Partial FAFSA fix lets students from immigrant families apply for financial aid


By Kalyn Belsha and Erica Meltzer
February 20, 2024
Students whose parents lack a Social Security number can finally fill out federal financial aid forms after the Biden administration announced a workaround Tuesday for one of the most glaring problems with what was supposed to be a simpler, easier form.
U.S. Department of Education officials say these students can leave their parent or spouse’s Social Security number blank for now, and manually enter the person’s income and tax information. The department provided details about the workaround to Chalkbeat, and plans to post them online Wednesday.
Chalkbeat first reported in January that the Social Security glitch was preventing potentially tens of thousands of eligible U.S. citizen students from applying for financial aid.
The workaround is meant to help students meet fast-approaching deadlines for certain state, college, or scholarship applications. The department promised a permanent fix is coming next month. It is also urging students who don’t have an urgent submission deadline to wait until then. Those who use the workaround will need to take additional steps in March to fully submit their application.
This puts significant pressure on school counselors and college access organizations to guide families through the process on a compressed timeline.
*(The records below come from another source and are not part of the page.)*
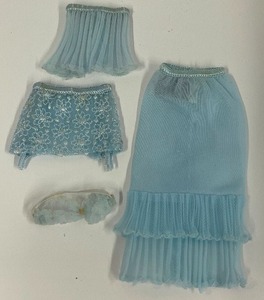 lot 176 image: Barbie #919 Fashion Undergarments 1959-62 Complete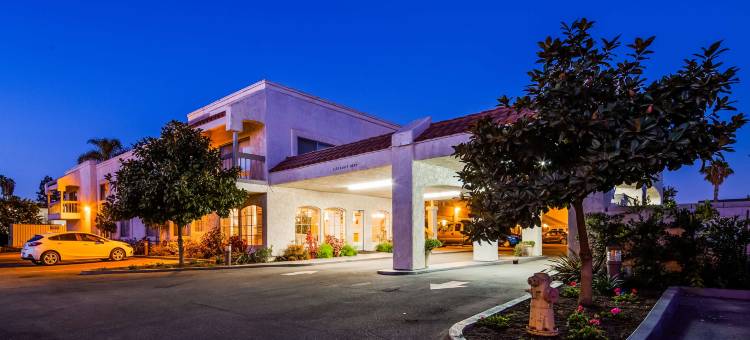 卡马里奥贝斯特韦斯特酒店(SureStay Hotel by Best Western Camarillo)图片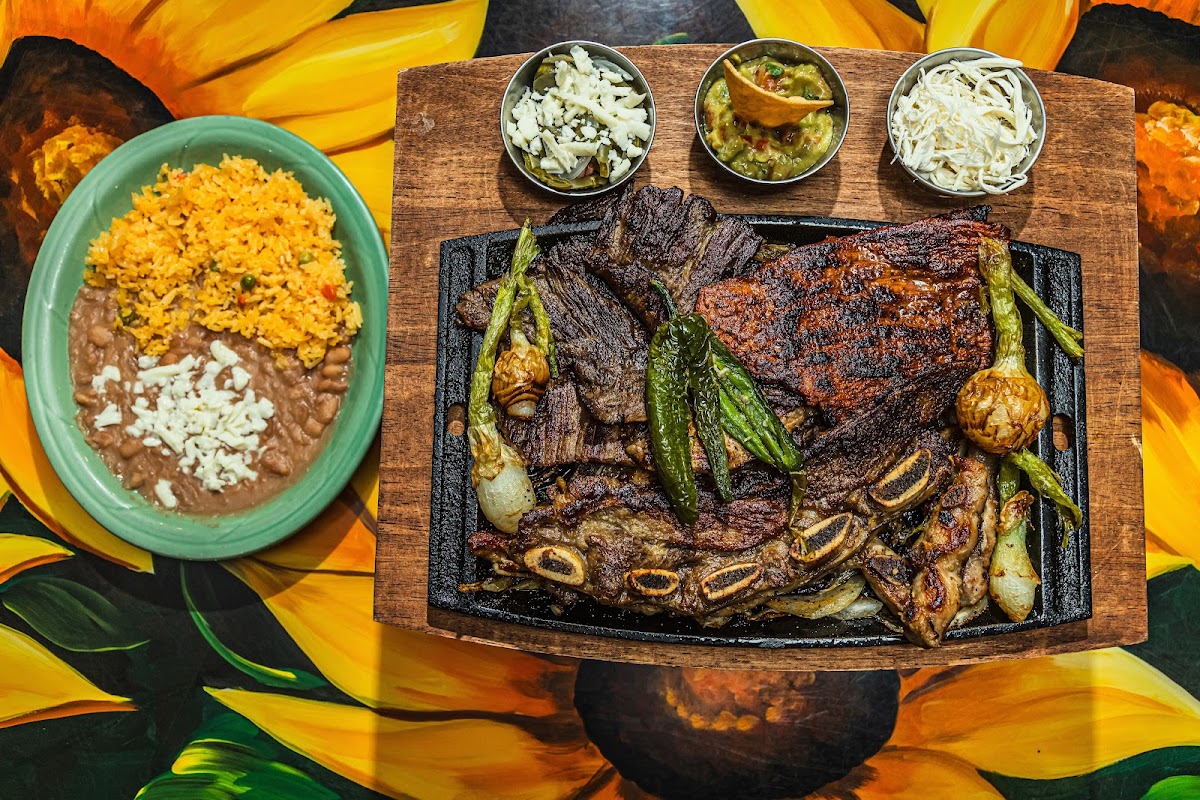 La Sierra Mexican Rest.
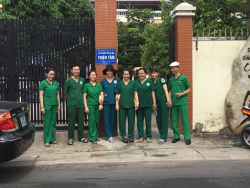 Đội ngũ chuyên gia và kỹ thuật viên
The Better FAFSA, as the new version of the Free Application for Federal Financial Aid is known, was supposed to make it easier for students to apply for aid for college. While more than 4 million students have completed the form successfully, the rollout has been plagued by glitches and delays. Far fewer students have completed the form than in previous years, and frustration and anxiety is mounting among parents, counselors, and college administrators.